While the dir function is useful for such things, nfldb has comprehensive API documentation that includes instance variables like day_of_week or home_team. You can view documentation for each attribute in the documentation for the Game class. (Note that attributes starting with an underscore are not part of the public interface and should not be used.)

You can do similar things for the other as_* methods of the query interface. The following is a list of all the as_* methods with a link to the API documentation for the types of objects they return:

Whenever you need to access data in the database, the aforementioned methods in the query interface should be the primary means of getting that data. This is primarily because some of the as_* methods (like as_plays and as_aggregate) are optimized to be fast in the presence of a lot of data. Also, I believe the query interface is convenient for common use cases.

However, it is not mandatory to use the query interface. The rest of this article will be dedicated to accessing data without the query interface (or, at most, with help from the query interface). Since the query interface is meant to be fast and hide the details of writing SQL, this necessarily includes a discussion on performance and sometimes writing SQL by hand.

Looking up data by primary key

Sometimes you just want to examine a particular data point like a single game. Each primary type in nfldb comes with a from_id static function that allows you to fetch a single row from the corresponding table by using its primary key identifier.

For example, for games, you can use the Game.from_id function to retrieve one game using its GSIS identifier:

ne_buf = nfldb.Game.from_id(db, '2013090800')
print ne_buf

And the output is:

[andrew@Liger nflgame] python2 scratch.py
Regular 2013 week 1 on 09/08 at 01:00PM, NE (23) at BUF (21)

Note that each of the from_id functions takes a database and a value corresponding to a row's primary key value. For example, for drives, the primary key is the combination of the GSIS identifier and the drive sequence number.
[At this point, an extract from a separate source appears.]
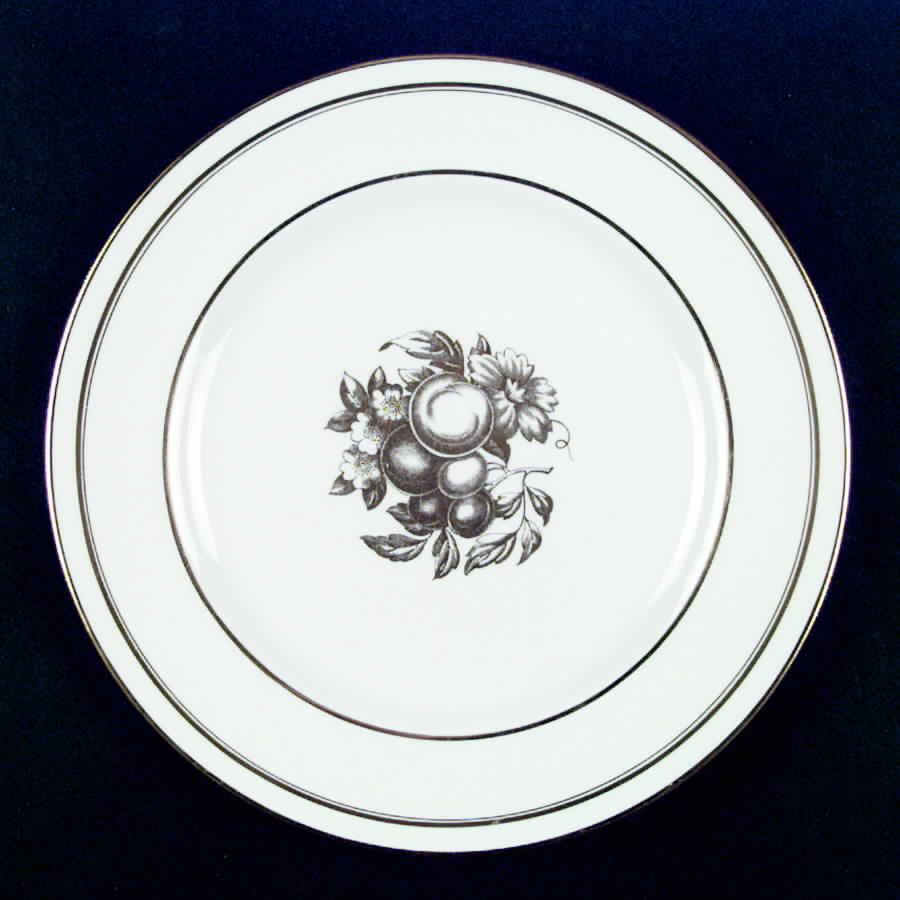 Golden Harvest Dinner Plate by Spode-1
Walking the hierarchy of data

If you haven't read the article describing the data model or haven't perused the entity-relationship diagrams, you should do so now. In particular, pay attention to the relationships modeled in the ER diagrams.

The relationships modeled in the ER diagram imply a hierarchy of data between entities. For example, games contain drives, drives contain plays. The reverse is also true: each play belongs to a drive and each drive belongs to a game.
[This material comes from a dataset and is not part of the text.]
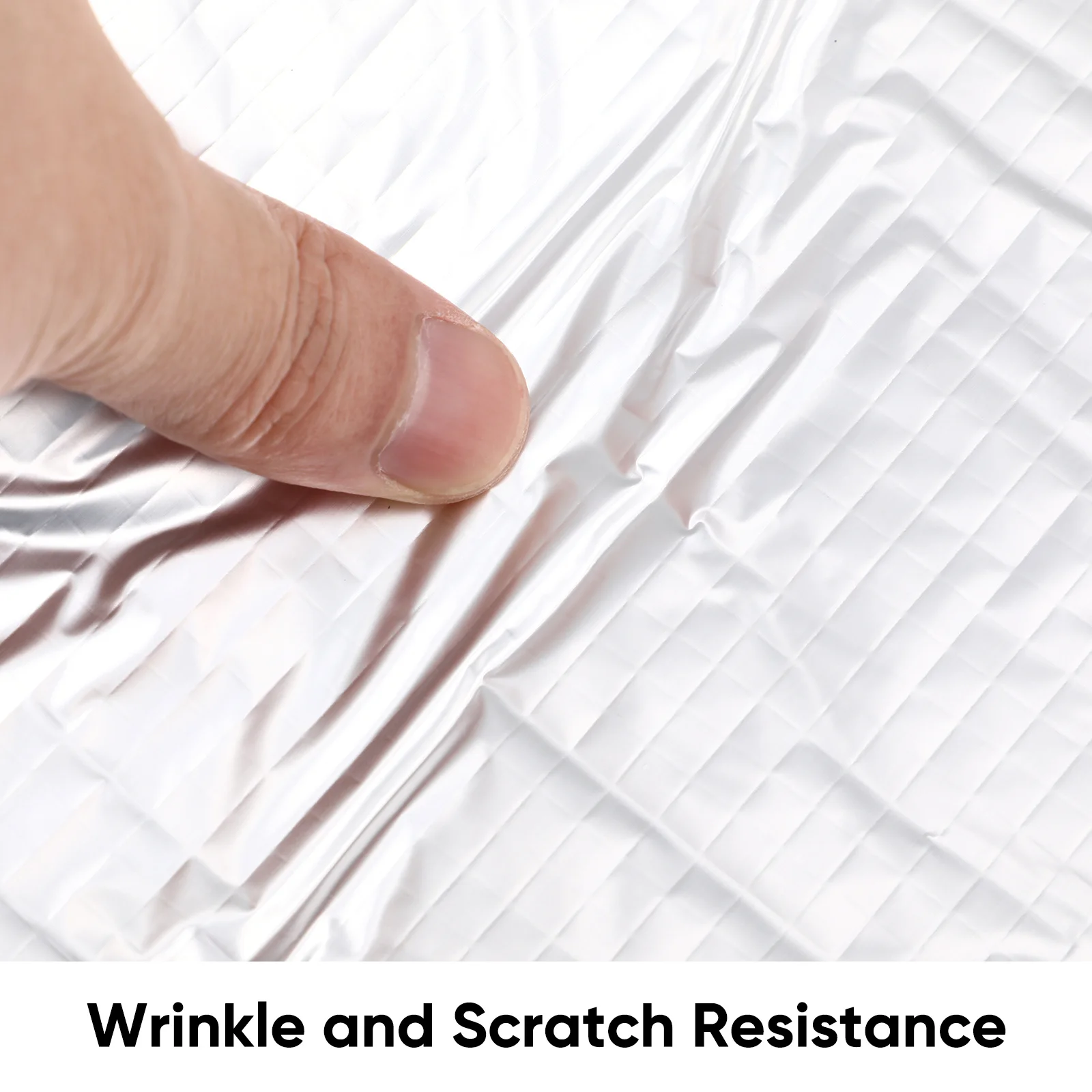 

20Pcs Car Soundproof Heat Insulation Mat Noise Deadening Sound Dampening Auto Soundproofing Damping Mat Sound Deadener for Cars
There are other hierarchies too. For example, a play contains zero or more player statistics where each player statistic corresponds to a single player. Said differently, each play contains zero or more players.

All of these relationships are manifest in the attributes of the types described earlier. For example, if you have a Game object, then you can access the drives of that game via the drives attribute:

ne_buf = nfldb.Game.from_id(db, '2013090800')
for drive in ne_buf.drives:
    print drive

And the output is:

[andrew@Liger nflgame] python2 scratch.py
[Punt        ] NE  from OWN 14 to OPP 44 (lasted 02:55 - Q1 15:00 to Q1 12:05)
[Fumble      ] BUF from OWN 10 to OWN 11 (lasted 00:32 - Q1 12:05 to Q1 11:33)
[Touchdown   ] NE  from OPP 16 to OPP 9  (lasted 00:47 - Q1 11:33 to Q1 10:46)
...

The drives attribute is implemented as a Python property, which means that accessing it actually calls a method, but that fact is hidden from you. Namely, it would be very expensive to populate every game object with every drive every time a game object is created. Instead, the drives property will fetch drives from the database only when it is first accessed. Therefore, if you never need the drives for a particular game, you don't need to pay the cost of fetching them. Of particular note is that the cost is only paid once for each object. So if you do:

drives = game.drives
again = game.drives

then only the first access of game.drives will query the database. Subsequent accesses will return the same data immediately from a cache.

As you might have guessed, drives is not the only property like this. There are many others that are designed to let you walk the hierarchy of data. The following table shows all of them.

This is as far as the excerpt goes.